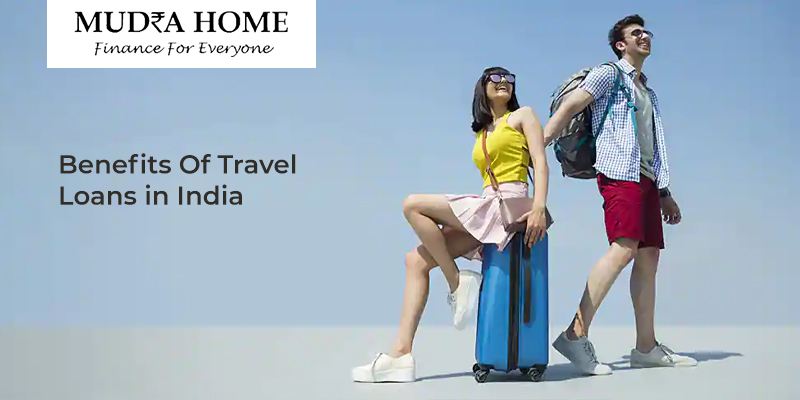 Benefits Of Travel Loans in India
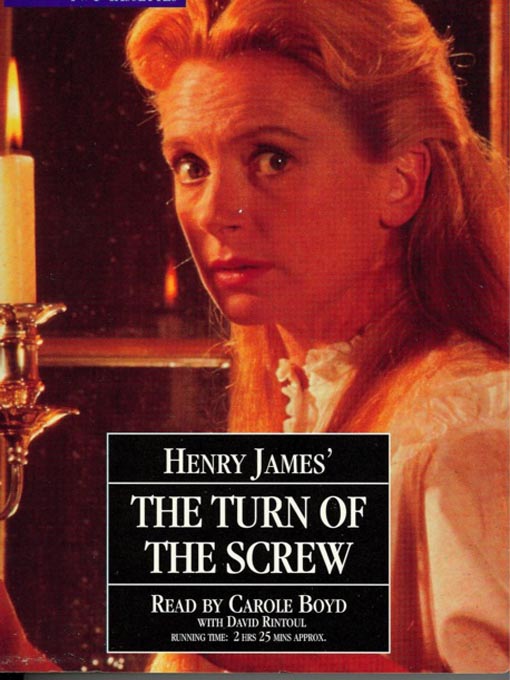 Title details for The Turn of the Screw by Henry James - Available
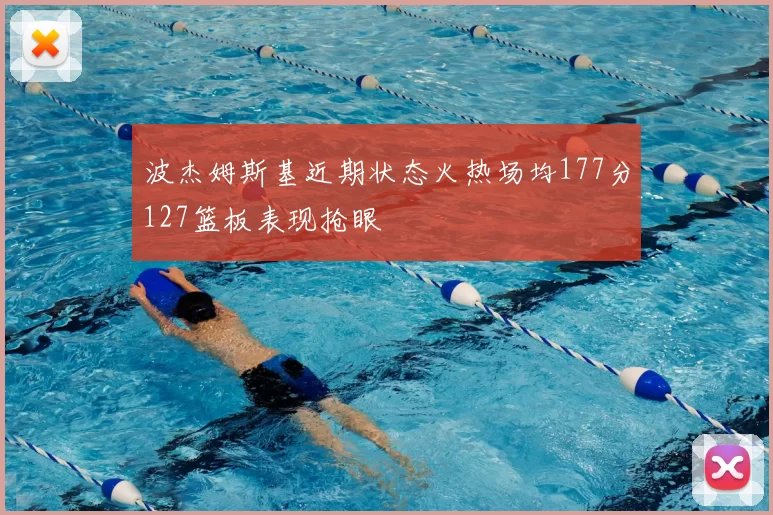 波杰姆斯基近期状态火热场均177分127篮板表现抢眼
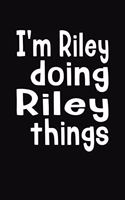 I'm Riley Doing Riley Things: Personalized Composition Notebook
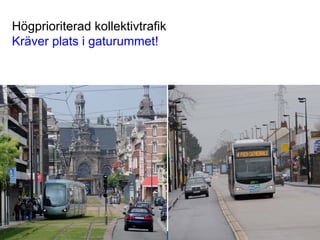 Högprioriterad kollektivtrafik
 Kräver plats i gaturummet!




STADSKONTORET
Josephine Nellerup, 081208
Stadsbyggnadsvisionen 2.0 – Staden och sjöarna
 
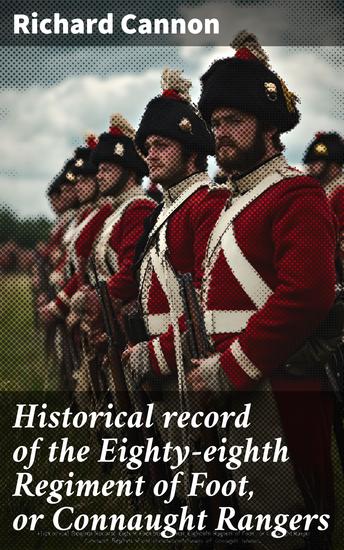 Historical record of the Eighty-eighth Regiment of Foot or Connaught Rangers - From the formation of the regiment in 1793 and of its subsequent services to 1837 - cover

• _WORK REQUIRED_:
All lines above between the line that contains "I'm Riley Doing" and the last line of the entries, both included, must be transcribed exactly. No pictures are to appear.

• _ANSWER SPACE_:
 I'm Riley Doing Riley Things: Personalized Composition Notebook
 Högprioriterad kollektivtrafik
 Kräver plats i gaturummet!




STADSKONTORET
Josephine Nellerup, 081208
Stadsbyggnadsvisionen 2.0 – Staden och sjöarna
 
 Historical record of the Eighty-eighth Regiment of Foot or Connaught Rangers - From the formation of the regiment in 1793 and of its subsequent services to 1837 - cover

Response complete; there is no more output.